■ **Dataset extract**
□ □ □

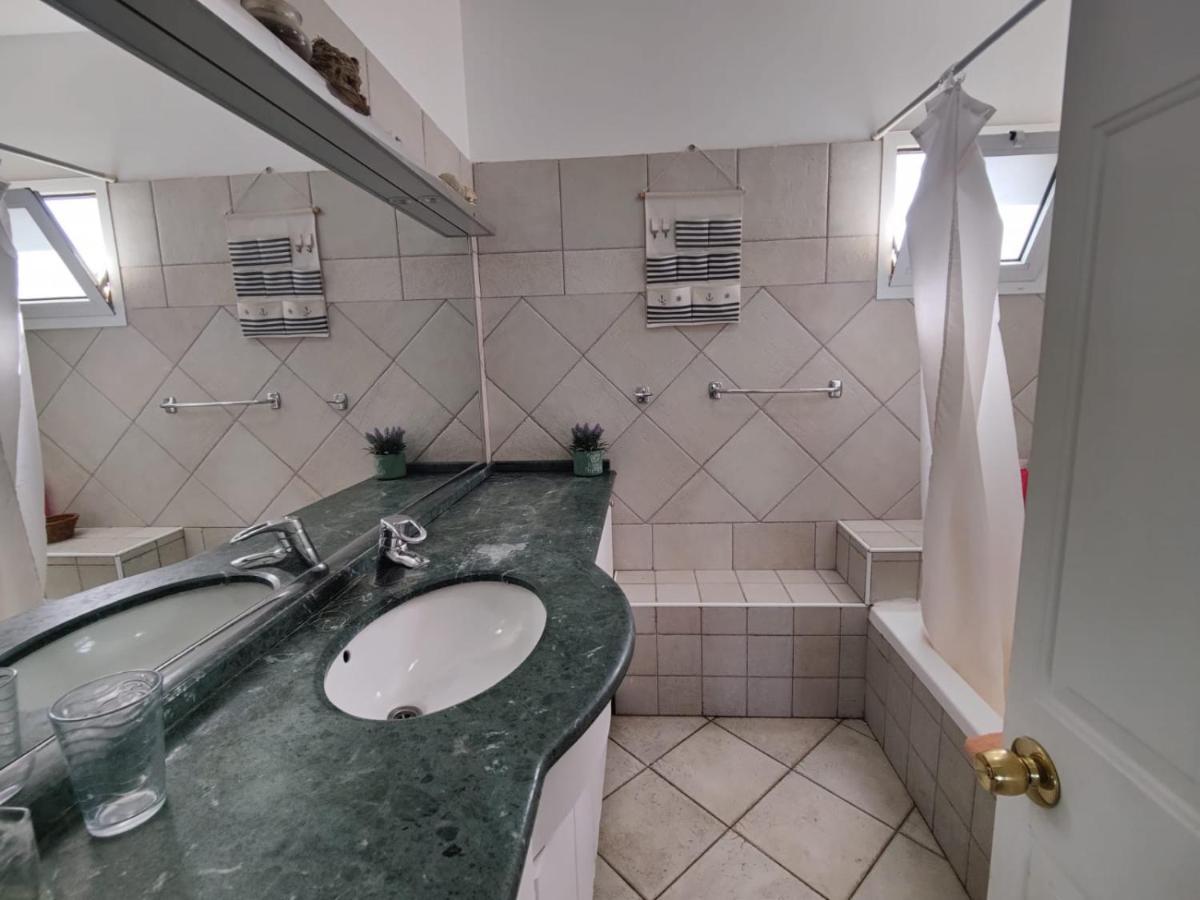 Dive Time Bed & Breakfast Eilat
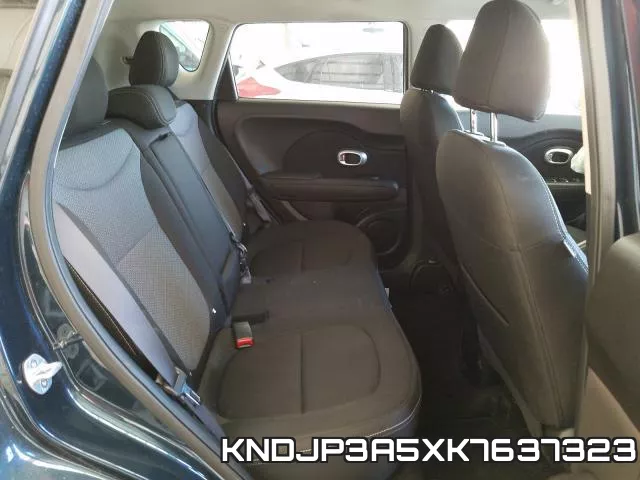 KNDJP3A5XK7637323 фото 6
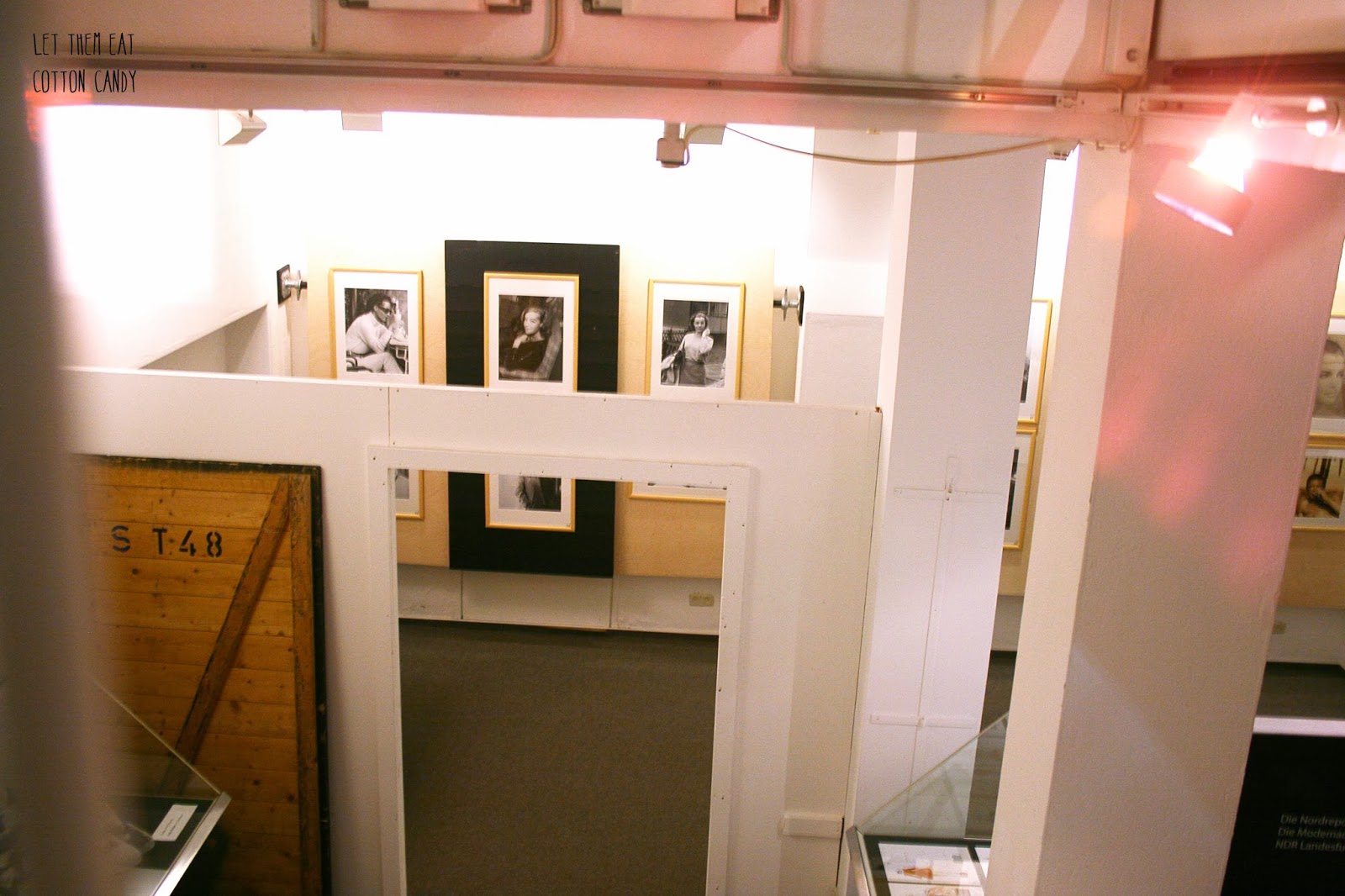 Rotterdam Berlin Die Bauhaus Reise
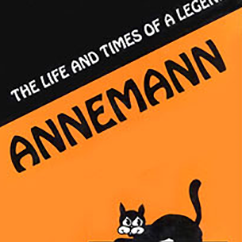 Annemann: The Life And Times Of A Legend - eBook DOWNLOAD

□ □ □

■ **Task**
Starting at the line with "Rotterdam Berlin Die Bauhaus Reise", transcribe the listing above exactly through its last line. No picture belongs in the transcription.

■ **Your solution**
 Rotterdam Berlin Die Bauhaus Reise
 Annemann: The Life And Times Of A Legend - eBook DOWNLOAD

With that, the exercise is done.